Pursuant to Restatement Section 50, the remedies for bad faith include (1) “compensatory damages … and any other loss to the insured proximately caused by the insurer’s bad-faith conduct;” (2) “other remedies as justice requires;” and (3) “punitive damages when the insurer’s conduct meets the applicable state-law standard.” Comment (c) to Section 50 further states that an insurer may be “estopped by its bad faith conduct from asserting a coverage defense that it would have been able to assert had it fulfilled its contractual obligations.”

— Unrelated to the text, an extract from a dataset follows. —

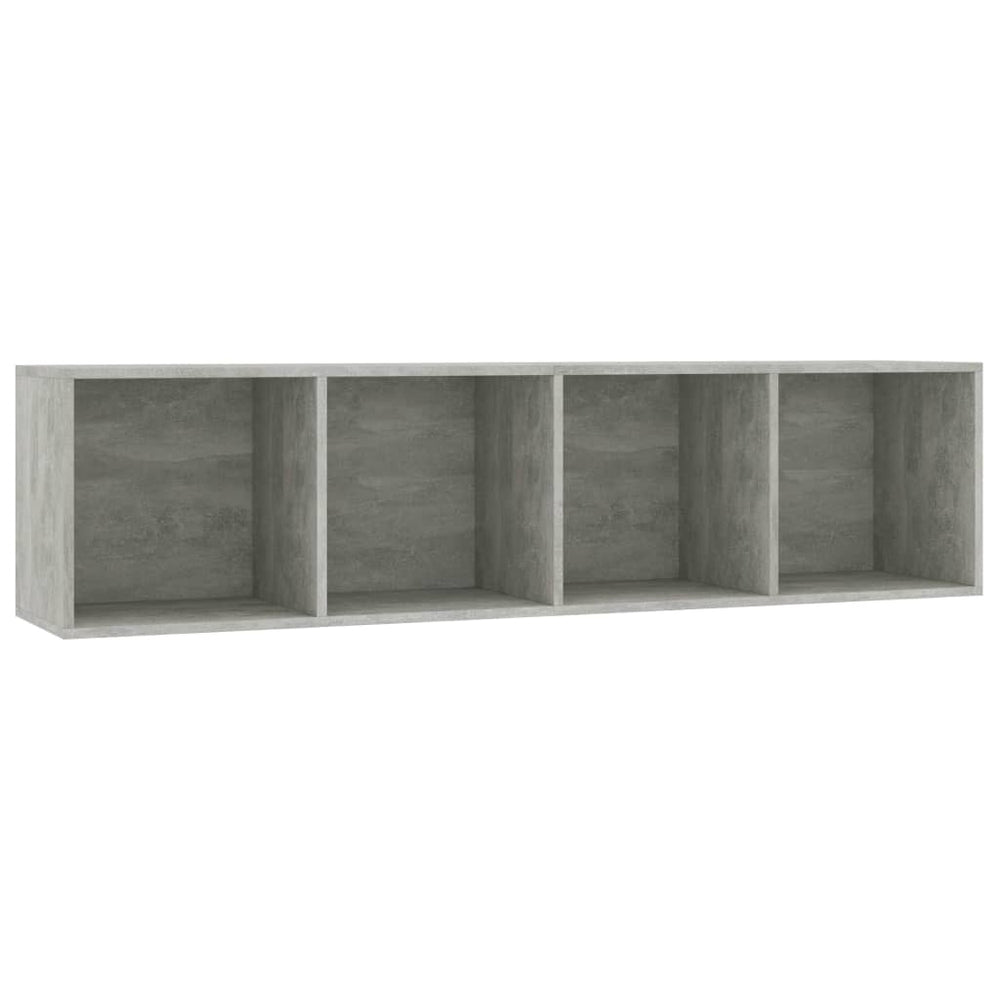 Betongraues Bücherregal/TV-Schrank, 143 cm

Allocation in “Long-Tail” or Continuous Injury Claims

The Restatement has, however, adopted a more pro-insurer approach to the issue of allocation of indemnity costs in claims involving continuous injury. In Section 41, the Restatement establishes that where indivisible harm occurs over multiple policy periods, a default rule of pro-rata allocation under occurrence based liability policies should apply for indemnity costs. Further, the insured would be responsible for periods during which it is uninsured or underinsured. The Restatement’s authors maintain that this approach is the “most consistent, simplest, and fairest solution” as opposed to the all-sums approach to allocation, which “allows an insurer to be held responsible for a large amount of losses that did not occur during the policy period that the insurer agreed to cover.” Restatement § 41, pp. 351, 353.

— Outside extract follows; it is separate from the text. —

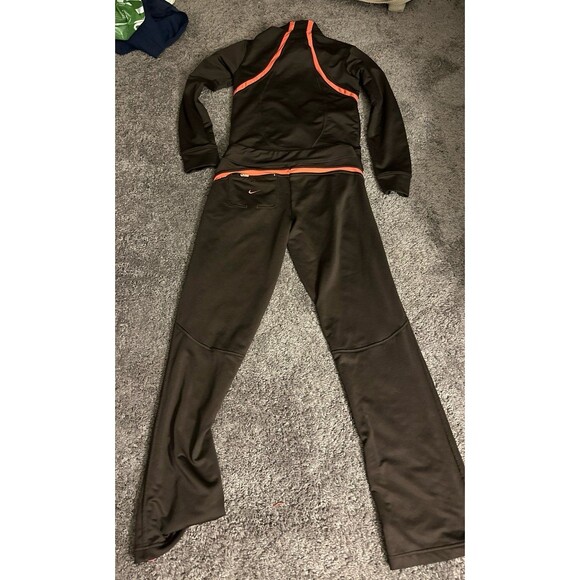 Nike brown and orange zip up vintage y2k set - Picture 8 of 10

It is important to note that the Restatement does allow for the application of an allocation scheme other than pro-rata if the terms of the policy itself support deterring from the default rule “except to the extent that the term cannot be harmonized with an allocation term in another policy that provides coverage for the claim.” Restatement § 41(2). Moreover, while the Restatement’s adoption of pro-rata allocation benefits insurance companies, Mr. Maniloff pointed out that the fact that so many states have already adopted an allocation scheme, “the Restatement is unlikely to have a major impact” in this area.

Finally, § 41(3) provides that defense costs in long-tail claims would not be allocated on a pro-rata basis, but instead each insurer with a duty to defend would be obligated to provide a complete defense to the insured, with a right to obtain contribution from other insurers that also have a duty to defend for their pro-rata shares of the defense costs. See also Restatement § 20.

Conclusion

Only time will tell how impactful the Restatement will be and whether courts and state governments will ultimately utilize or disregard it as to particular issues.[1] In the meantime, the liability insurance community will certainly be closely attuned to these developments.


[1] Notably, shortly after the seminar, both the House and Senate of the state of Ohio passed a proposed bill providing that the Restatement “does not constitute the public policy of this state.” Most states, however, are more likely to address the Restatement on an issue-by-issue basis.